Foster, Elizabeth

Foster, Elizabeth     1889 February 16th        Quidhampton

On Monday afternoon an inquest was held at the White Horse Inn by Mr R A Wilson, touching the death of Elizabeth Foster, a baby. Mr Charles Holly was foreman of the jury.

Christiana Foster, mother of the child, was the first witness. She stated that she was a single woman. The child was a month old on Saturday. It was born in the Wilton Union. Witness left last Thursday. She discharged herself and came home, bringing the child with her. She left the workhouse about ten o’clock. On that day she gave the child some fresh milk and she had given it some every day. The child died at two o’clock on Saturday. It had been weakly from its birth. It was not strong enough to take much milk. She fed it with the bottle. Witness did not notice it getting weaker until Sunday morning. Witness had quite sufficient milk for the child but the latter could not take much. She did not think that it took a half-penny’s worth of milk from Thursday to the time of its death.

Elizabeth Foster, wife of William Foster, a platelayer on the line, said that when her daughter came home she (witness) was hanging out clothes. On entering the house she saw her daughter. She had not previously seen the baby. Witness thought that the baby would not live when she saw it, because it was so thin and did not seem able to swallow anything. Witness and her daughter gave all the attention to it that they could. The baby could not seem to get on with its food. It died very quietly.
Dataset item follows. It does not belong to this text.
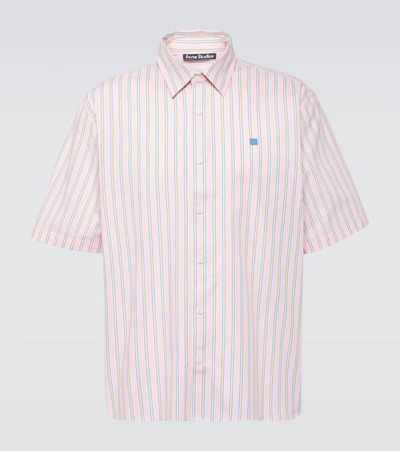 Acne Studios Striped Cotton Shirt In Pink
Arthur Thomson said that he attended the mother of the deceased in her confinement and frequently saw the child afterwards. At first he considered the child prematurely born. It was very weakly and it was not until the fifth day that it could be got to take any nourishment at all, and that was by putting it in a spoon. For two weeks after its birth it was under observation. It was very unhealthy. For the next two weeks it received the ordinary routine of visiting as it did require special treatment. He had examined the child that (Monday) afternoon. He saw no marks of violence and the child showed every appearance of having died from inanition.

The jury returned a verdict of death from natural causes.